В настоящем издании сделана попытка заставить тексты – случайные, избранные – вступить в диалог друг с другом. Таким образом, совершенно определенно, что имеющиеся в нашем распоряжении иллюстрации Клевера выступают одновременно как приглашение прочитать тексты Андерсена новыми глазами. Предлагаемые тексты писателя расположены в хронологическом порядке основных образцов и тем.

Первые три текста – «Огниво», «Дорожный товарищ», «Снежная королева» – лишь некоторые из самых известных сказок. Они – вместе с четвертым текстом в группе «Под ивою» – содержат общность в самом основном образце: путь в жизни навстречу исполнению желаний. Здесь речь идет о типологии, где дается структура довольно большой части творчества писателя с чрезвычайно различными инсценировками и тематизациями, а также создание картин и глобальные проблемы идентичности.

Здесь во всех трех текстах выражена вера во внутреннюю силу индивидуума и его способности преобразовывать внешний мир. Солдат в сказке «Огниво» – типичный счастливчик Алладин, что черпает свою силу из себя самого, и он накоротке со строптивым и упрямым окружающим миром. В сказке «Дорожный товарищ» это фундаментально добрая натура, которая выявляется как человек, который в состоянии противостоять натуре явно злобной и преобразовывать ее. Да и, так сказать, с открытым забралом идти на сговор с царством мертвых, дабы преодолеть разрушительные силы смерти. Столь сильная власть обитает в душе доброго Йоханнеса, совсем другого, нежели в первой версии ранней истории «Мертвый человек» (1829), где речь идет о рискованном очаровании смертью, а также о демонически разрушительном содействии, к которому относится и сексуальность. А еще о путешествии из действительности в царство фантазии, дабы встретиться с мечтой и соединиться с ней. Все-таки Клевер в своих иллюстрациях держится сознательно подчеркнутой сексуальности в окончательной версии сказки. Принцесса выступает у него в черных сапожках и с открытой грудью. А разрушительность явно выступает в образе ее сада со скелетами. Герда в сказке «Снежная королева» несет в себе ту же самую силу, что и добрый Йоханнес, но она контрастирует с чуждым ей миром, замкнутым вокруг самого себя. Она вносит силу подлинности, самобытности в чуждый ей мир, мир взрослых, отмеченный отсутствием бездомности и мерзлотой.

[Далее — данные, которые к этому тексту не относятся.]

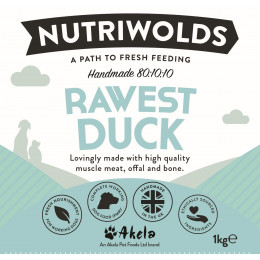 NutriWolds Raw Rawest Duck - Working Dog 1 kg Chunky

Она может освободить Кая и соединиться с ним, возвращаясь назад, но уже не совсем в тот же самый мир, как тот, что они покинули.

«Под ивою» – иное толкование истории о Кае и Герде. Горечь истории, где Кнуд не может избавиться от детской мечты о Йоханне. Путешествие в мир становится путешествием обратно, в сторону исходной отправной точки, которой нет места дома. Слепая любовь, что испытывает и этот скромный человек, и социальные причины – ингредиенты истории о единственных возможностях прибежища: позлащенное воспоминание – и смерть.

Тематически существует общность меж следующими четырьмя текстами. Они представляют различные этапы, но не во всех имеет место смерть. «Цветы маленькой Иды» – вовсе мертвы и после последней веселой ночи. Увядают, чтобы снова распуститься в следующем году. Однако «глупая фантазия» все же не так уж глупа, поскольку она оживляет мертвых и примиряется с прекращением жизни. В этой сказке все вместе – оживающие, и она указывает путь к обновлению жизни в смерти. Также «Оле Лукойе», который все тот же старый Бог снов, может с помощью фантазии оживить умершего и вывести его в большой мир, который покоится в ожидании Яльмара. Независимое, ничем не ограниченное детство противопоставляется миру взрослых в карикатуре: свадьба, изображенная как некое ограничение, сужение пределов, закрытость. Фантазия, что может коснуться звезд, ставится куда выше разума, заключенного в остекленную рамку. И последнее слово предоставляется фантазии, ибо Бог снов сводит Яльмара с великим Оле Лукойе, что есть смерть. Смертная и ограниченная повседневной рамкой действительность более мертва, нежели красавец-всадник, который одного за другим по очереди забирает с собой. Фантазия возвышается над мертвым и примиряет со смертью. Принц в сказке «Райский сад» движим тоской, направление которой он сам не может уяснить. Вознесенный выше ветров к жизни во всем мире, такой как он есть, принц влеком вневременной мечтой.